Duque, con información de su Ministerio de Defensa, hizo el extraño anuncio de que en sus primeros 100 días de gobierno se había capturado a más de 50.000 delincuentes. La cifra correcta estaba por los 2.000. Foto: recorte de video.

Esto hasta nos podrá causar gracia, pero las palabras más desafortunadas de Botero se las escuché en el Congreso en septiembre pasado.

Ese día estaba programado un debate de control político por la muerte de líderes y lideresas sociales en el país. Se citó a la Fiscalía, a la ministra del Interior y al de Defensa para que rindieran cuentas sobre este tema.

Luego de que hablaran los congresistas y 5 líderes fue el turno para los ministros. Guillermo Botero salió erguido y encorbatado. A sus espaldas comenzó una presentación en Powerpoint cuyas imágenes de fondo eran soldados armados.

“Vengo en nombre de Iván Duque a decir que este es un tema muy importante para el gobierno”. Mencionó rápidamente algunas cifras sobre líderes asesinados y continuó. “Tenemos 21 tipologías de líderes, por eso nos da dificultad caracterizarlos para brindarles protección. Otro problema que tenemos es el hacinamiento carcelario, que no nos permite procesar a los culpables” (pues claro, ministro, usted no puede procesar 50.000 culpables en 100 días…)
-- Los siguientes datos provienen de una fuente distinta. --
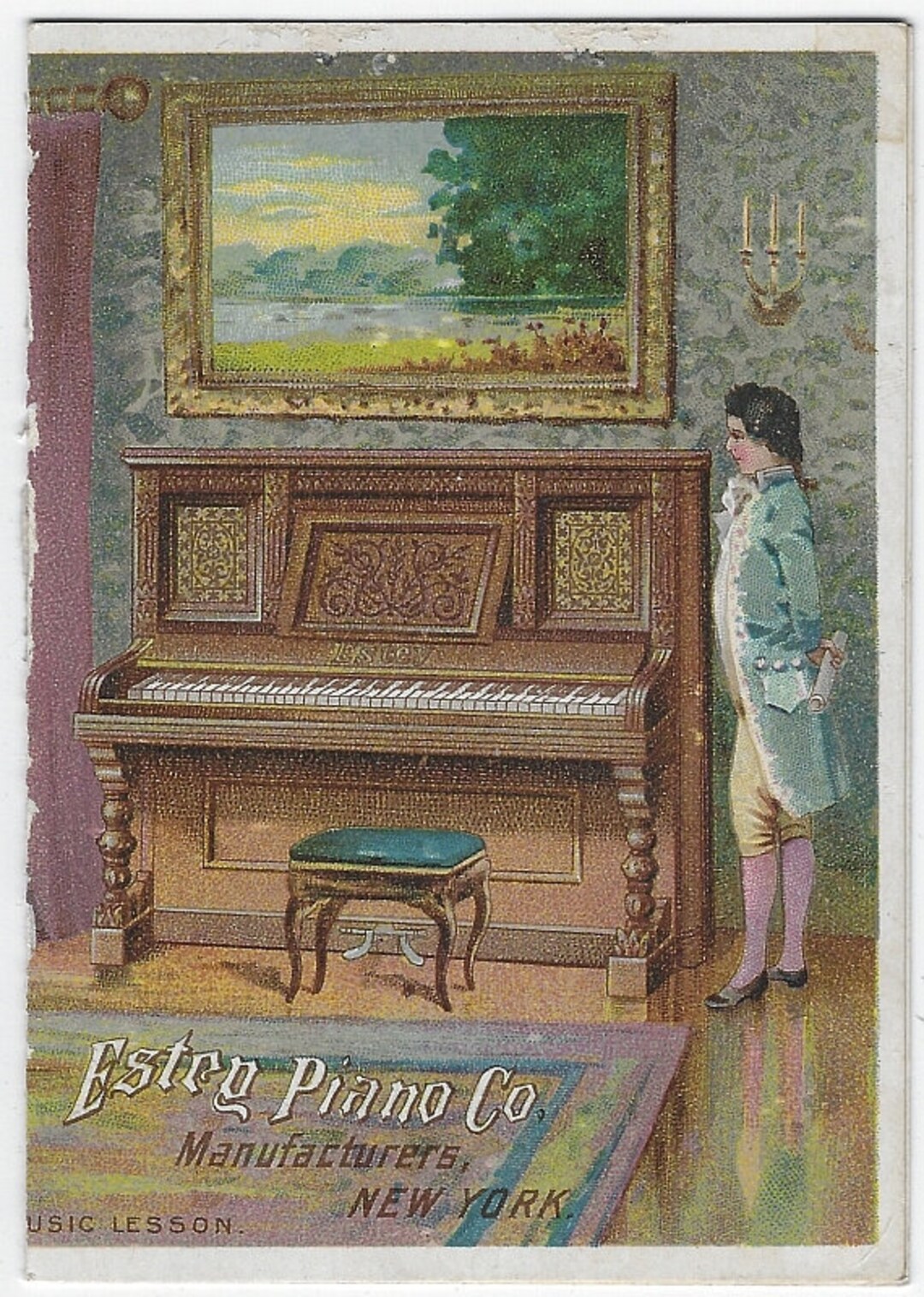 Estey Pianos and Organs Victorian Trade Cards Teacher and Etsy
“Las muertes de los líderes no obedecen a retaliaciones por sus labores o por sus causas. Se deben a motivos personales, a hurtos y a retaliaciones…” (ministro, ¿no se acabó de contradecir?). “La prevención del delito es la mejor forma de cuidar la vida. El trabajo lo estamos haciendo bien y en exceso”. ¿Cómo puede decir que está haciendo bien su trabajo cuando los homicidios aumentaron? ¿Cómo puede decir esto cuando la cifra de líderes sociales va en aumento? Le recordamos, ministro, que en los primeros días de enero asesinaron a nueve líderes sociales, algo que no se había visto antes.